女の体だから何を着るべきか、着たら良いのか悩んでいるのではないか、色々葛藤があるんじゃないかと深読みしてしまった。
そしてみちるの花を持たせてあげたいと言うはるかなりの優しさもあるだろうと考えた。
きっとはるかは水泳も得意な気がするわ。
戦士だし、外部のリーダーだって聞いてるからきっと公斗や美奈子みたいに透かした顔して運動神経抜群なのよ!いやぁねぇ~。

「私も泳ぎはあまり得意な方じゃ無いのよ」

答えてておかしくなって来た。
女であるはるかが男言葉で、男である私が女言葉なんてあべこべで笑っちゃうわね。
見た目も私の方がロン毛ではるかが短髪なのもあって余計逆にね。
後、声も私の方が高くてはるかがハスキーボイスだから益々逆になってる。
まぁ、見た目なんてどうでもいいけどね。
水着は着てないけど、夏だからそれに匹敵するくらい露出度は高い。Tシャツにショーパンと言うラフさ加減。

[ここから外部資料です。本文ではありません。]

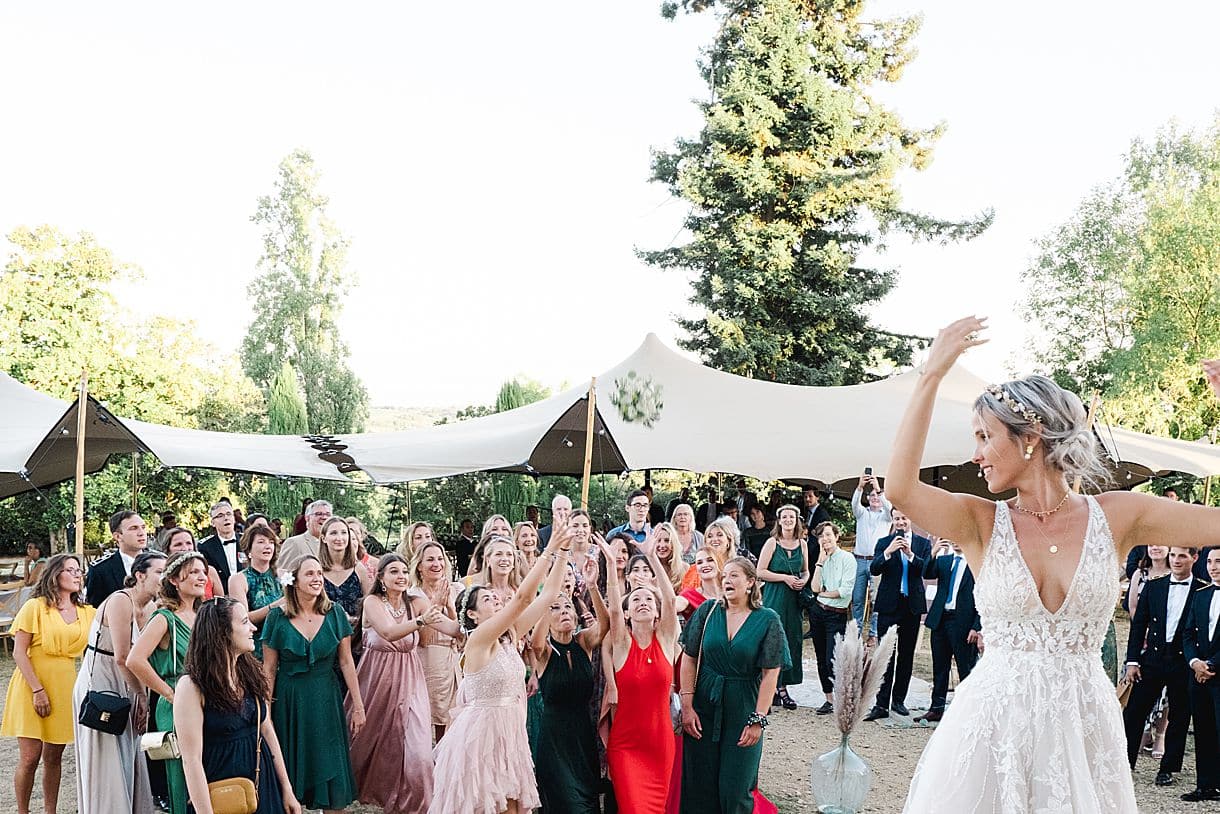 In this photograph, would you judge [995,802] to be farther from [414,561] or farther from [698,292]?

「一緒ですね。どうも水の中だと生きた心地がしなくて……」
「分かるわぁー、深くて足のつかない所とか気が気じゃないもの」
「いつ溺れるかヒヤヒヤしますよね」
「そーなのよねぇ~」

って何で私、はるかと意気投合してんのよ!

「ふふふっ」
「お二人とも、仲良くなったみたいですね?」
「本当、飽きないわ」

2人の水の女神は私とはるかが意気投合している様子を楽しんでみていた。

「おいおい2人とも、よしてくれよ」
「そーよ、そんなんじゃないから」
「2人が仲良くしてくれたら私は嬉しいです」

笑顔で亜美にそう言われ、対応に困ってしまう。天然なお嬢様は困るわ。

「それじゃ挨拶もできたので僕達はお二人の邪魔しちゃ悪いんでここで失礼します」
「あら、別に気を使ってくれなくても良いのよ」
「いえ、私たち充分泳いだので。後は2人でごゆっくりどうぞ」

御機嫌ようと言って華麗に帰って行った。
何とも掴みどころのない2人だったけど、気遣い出来るいい子達だと思った。

「さて、私たちはどうする?泳ぎ足りなかったら見てるから泳いで来て良いわよ」
「じゃあ、お言葉に甘えてあと少しだけ」

そう言ってひと泳ぎして満足して出てきたのは50mプールを5往復してからだった。
ひと泳ぎが250mとか正気?と思いながら彼女を見るとスッキリした顔をしていて、本当に泳ぐのが好きなんだと心から思った。